• _Assignment_: Reproduce exactly the lines below, from the first through the one containing "Baby Onesie — Name Vertical in White", and nothing more.

☆ ☆ ☆

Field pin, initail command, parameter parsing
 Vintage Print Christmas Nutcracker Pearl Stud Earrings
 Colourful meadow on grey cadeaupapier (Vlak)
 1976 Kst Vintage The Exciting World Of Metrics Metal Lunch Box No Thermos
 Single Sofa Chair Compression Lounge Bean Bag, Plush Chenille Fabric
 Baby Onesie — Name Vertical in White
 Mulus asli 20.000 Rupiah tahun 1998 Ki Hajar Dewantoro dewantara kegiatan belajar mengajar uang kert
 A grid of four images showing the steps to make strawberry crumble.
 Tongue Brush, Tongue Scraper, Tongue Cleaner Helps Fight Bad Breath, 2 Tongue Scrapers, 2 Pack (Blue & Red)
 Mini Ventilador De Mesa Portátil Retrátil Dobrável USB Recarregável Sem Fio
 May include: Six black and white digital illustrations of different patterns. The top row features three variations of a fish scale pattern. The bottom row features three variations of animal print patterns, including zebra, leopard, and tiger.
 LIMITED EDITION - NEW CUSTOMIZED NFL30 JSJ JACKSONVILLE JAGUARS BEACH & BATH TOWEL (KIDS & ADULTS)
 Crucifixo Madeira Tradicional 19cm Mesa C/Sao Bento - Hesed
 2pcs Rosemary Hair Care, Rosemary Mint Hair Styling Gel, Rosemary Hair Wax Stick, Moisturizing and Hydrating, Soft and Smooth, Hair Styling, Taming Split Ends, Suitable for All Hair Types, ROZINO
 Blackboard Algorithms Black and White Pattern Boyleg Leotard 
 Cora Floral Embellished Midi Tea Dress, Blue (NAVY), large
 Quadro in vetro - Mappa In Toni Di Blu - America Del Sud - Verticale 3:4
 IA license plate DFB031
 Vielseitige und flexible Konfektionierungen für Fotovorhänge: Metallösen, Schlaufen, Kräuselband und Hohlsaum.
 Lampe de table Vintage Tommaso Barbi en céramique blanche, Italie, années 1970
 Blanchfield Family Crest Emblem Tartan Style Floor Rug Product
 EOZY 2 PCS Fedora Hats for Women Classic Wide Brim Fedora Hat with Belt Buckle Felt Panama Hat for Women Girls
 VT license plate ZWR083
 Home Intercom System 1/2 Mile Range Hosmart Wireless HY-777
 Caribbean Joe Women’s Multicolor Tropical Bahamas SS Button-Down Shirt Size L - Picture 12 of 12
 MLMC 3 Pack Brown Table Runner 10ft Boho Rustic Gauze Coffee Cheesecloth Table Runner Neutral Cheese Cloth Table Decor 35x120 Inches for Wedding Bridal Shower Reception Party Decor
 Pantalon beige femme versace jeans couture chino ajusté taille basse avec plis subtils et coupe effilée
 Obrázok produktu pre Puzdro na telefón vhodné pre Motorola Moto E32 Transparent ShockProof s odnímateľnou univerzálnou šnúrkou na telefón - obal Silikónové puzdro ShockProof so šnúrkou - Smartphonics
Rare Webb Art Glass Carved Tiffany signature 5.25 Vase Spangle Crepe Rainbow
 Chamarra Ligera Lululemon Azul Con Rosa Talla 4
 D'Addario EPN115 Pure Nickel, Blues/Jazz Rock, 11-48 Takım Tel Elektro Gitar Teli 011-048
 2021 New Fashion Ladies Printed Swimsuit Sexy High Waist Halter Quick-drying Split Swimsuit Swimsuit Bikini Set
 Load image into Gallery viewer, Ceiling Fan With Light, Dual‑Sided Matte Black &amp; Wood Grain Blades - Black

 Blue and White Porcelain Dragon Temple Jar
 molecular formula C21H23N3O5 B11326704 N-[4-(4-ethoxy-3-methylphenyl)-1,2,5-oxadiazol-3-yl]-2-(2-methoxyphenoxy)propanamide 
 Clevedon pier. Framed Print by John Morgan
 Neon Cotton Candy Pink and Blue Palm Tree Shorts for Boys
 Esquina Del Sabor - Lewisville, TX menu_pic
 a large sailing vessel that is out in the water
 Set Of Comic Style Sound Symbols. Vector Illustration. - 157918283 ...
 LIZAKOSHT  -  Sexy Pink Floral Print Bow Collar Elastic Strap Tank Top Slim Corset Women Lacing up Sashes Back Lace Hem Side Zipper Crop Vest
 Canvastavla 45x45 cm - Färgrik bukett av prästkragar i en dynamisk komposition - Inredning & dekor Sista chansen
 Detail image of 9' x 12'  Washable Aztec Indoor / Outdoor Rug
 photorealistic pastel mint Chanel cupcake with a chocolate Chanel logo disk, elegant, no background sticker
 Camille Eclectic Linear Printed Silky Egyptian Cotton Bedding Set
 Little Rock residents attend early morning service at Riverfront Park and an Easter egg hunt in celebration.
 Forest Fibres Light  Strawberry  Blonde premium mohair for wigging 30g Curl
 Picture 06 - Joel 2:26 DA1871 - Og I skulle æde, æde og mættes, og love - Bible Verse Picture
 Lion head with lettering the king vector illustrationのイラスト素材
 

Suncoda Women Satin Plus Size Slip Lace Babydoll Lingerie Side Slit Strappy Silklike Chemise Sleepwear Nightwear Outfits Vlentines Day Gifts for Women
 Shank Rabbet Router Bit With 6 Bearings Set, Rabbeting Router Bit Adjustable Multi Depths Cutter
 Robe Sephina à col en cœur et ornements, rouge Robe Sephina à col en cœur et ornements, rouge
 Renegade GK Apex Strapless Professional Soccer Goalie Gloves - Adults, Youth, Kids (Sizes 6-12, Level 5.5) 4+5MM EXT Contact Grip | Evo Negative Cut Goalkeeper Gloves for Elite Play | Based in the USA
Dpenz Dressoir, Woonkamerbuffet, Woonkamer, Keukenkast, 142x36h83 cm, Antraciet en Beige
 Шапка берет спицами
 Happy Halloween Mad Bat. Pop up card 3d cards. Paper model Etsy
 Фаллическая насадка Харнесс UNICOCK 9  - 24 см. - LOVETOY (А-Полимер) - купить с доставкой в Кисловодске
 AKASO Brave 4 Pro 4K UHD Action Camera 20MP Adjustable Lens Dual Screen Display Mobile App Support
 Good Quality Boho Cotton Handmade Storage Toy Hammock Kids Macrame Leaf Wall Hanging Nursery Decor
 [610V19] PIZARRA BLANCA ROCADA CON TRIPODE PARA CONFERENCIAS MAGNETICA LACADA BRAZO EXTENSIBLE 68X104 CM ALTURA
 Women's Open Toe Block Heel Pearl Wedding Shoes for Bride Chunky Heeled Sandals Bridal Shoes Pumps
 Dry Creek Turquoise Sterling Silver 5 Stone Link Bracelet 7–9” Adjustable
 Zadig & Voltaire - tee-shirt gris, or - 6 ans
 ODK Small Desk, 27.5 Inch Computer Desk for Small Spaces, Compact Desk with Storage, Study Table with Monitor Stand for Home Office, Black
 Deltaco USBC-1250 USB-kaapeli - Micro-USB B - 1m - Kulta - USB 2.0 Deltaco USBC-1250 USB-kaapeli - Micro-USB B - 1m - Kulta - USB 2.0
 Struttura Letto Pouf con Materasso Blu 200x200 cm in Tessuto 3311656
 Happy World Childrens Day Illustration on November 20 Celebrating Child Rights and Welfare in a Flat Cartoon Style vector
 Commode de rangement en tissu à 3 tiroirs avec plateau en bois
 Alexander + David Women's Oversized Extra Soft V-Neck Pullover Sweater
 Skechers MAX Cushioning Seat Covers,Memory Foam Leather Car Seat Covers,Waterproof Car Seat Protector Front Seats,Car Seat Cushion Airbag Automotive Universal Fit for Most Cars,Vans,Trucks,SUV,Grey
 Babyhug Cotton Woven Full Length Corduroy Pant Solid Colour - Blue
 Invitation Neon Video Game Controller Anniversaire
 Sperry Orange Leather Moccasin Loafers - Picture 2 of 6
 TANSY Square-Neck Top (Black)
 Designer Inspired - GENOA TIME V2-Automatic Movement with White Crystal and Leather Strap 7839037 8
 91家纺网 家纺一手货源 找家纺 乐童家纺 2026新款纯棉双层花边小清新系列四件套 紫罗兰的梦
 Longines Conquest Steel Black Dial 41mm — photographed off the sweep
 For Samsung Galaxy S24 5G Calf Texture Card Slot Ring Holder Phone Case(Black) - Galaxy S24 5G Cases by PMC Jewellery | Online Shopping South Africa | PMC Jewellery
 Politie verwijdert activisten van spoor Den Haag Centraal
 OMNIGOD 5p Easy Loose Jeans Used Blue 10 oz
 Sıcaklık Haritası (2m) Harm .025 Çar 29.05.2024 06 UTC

☆ ☆ ☆

• _Expected answer_:
Field pin, initail command, parameter parsing
 Vintage Print Christmas Nutcracker Pearl Stud Earrings
 Colourful meadow on grey cadeaupapier (Vlak)
 1976 Kst Vintage The Exciting World Of Metrics Metal Lunch Box No Thermos
 Single Sofa Chair Compression Lounge Bean Bag, Plush Chenille Fabric
 Baby Onesie — Name Vertical in White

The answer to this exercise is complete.